Scientists currently recognize four groups of biological entities :

(I) Archaea – are a group of recently discovered organisms that sometimes live in extremely hostile habitats like thermal volcanic vents, saline pools and hot springs. Archaea are single – celled organisms that are similar in appearance to bacteria. However, they are biochemically and genetically very different from bacteria. Many books and other forms of scientific literature refer to them as archaebacteria.

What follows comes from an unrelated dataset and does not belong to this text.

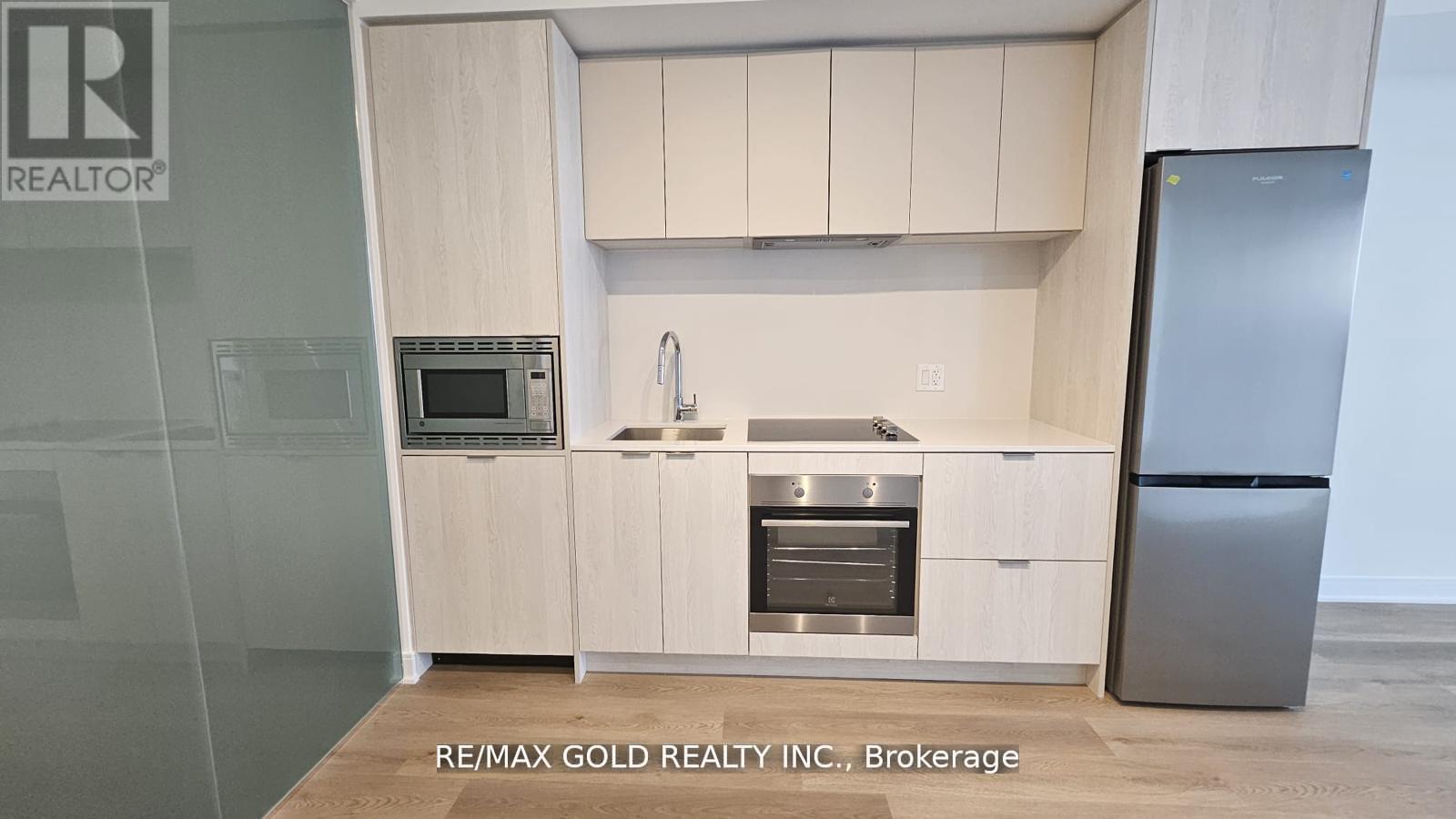1319 - 86 Dundas Street E, Mississauga, Ontario  L5A 0B1 - Photo 3 - W12429765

(II) Bacteria – are simple single – celled organisms that generally lack chlorophyll (an exception is cyanobacteria). Bacteria have a prokaryote cell type. They also generally obtain energy for survival through the breakdown of organic matter via fermentation and respiration. Bacteria such as Rhizobium spp. and Cyanobacteria play an important role in the fixing of atmospheric nitrogen. Without these bacteria ecosystems would be severely short of nitrogen for plant and animal growth. The oldest fossils of life on Earth are bacteria – like organisms.

(III) Eukaryota – are all organisms with a eukaryote cell type. This group of life includes the kingdoms Protista, Fungi, Animalia and Plantae.

(IV) Viruses – are fragments of DNA or RNA that depend on host cells that they infect for their reproduction. They are not cells. Viruses are thought to be parts of the genetic code that originated from either eukaryote or prokaryote cells. These code fragments contain enough genetic information for self-existence. At times, viruses are metabolically inert and technically non-living. Viruses cause a variety of diseases in eukaryote organisms. In humans they can cause smallpox, influenza, shingles, herpes, polio, ebola, AIDS, rabies and some types of cancer.

These four main types of biological entities described above share some unique characteristics that can allow us to distinguish them from non-living things.

Living and Non-living :

There are seven characteristics that can be observed in, more or less, all living organisms. These are the observable outcome of the all-important property of a living organism, namely, the extraction, conversion and use of energy from the environment. In addition, a living organism is able to maintain and even increase its own energy content. In contrast, dead organic matter tends to disintegrate as a result of the chemical and physical forces of the environment. In order to maintain themselves and prevent such disintegration, living organisms have an inbuilt self-regulating system to ensure that there is no net energy loss. This control is referred to as homeostasis and operates at all levels of biological organisation, from the molecular level to the community level.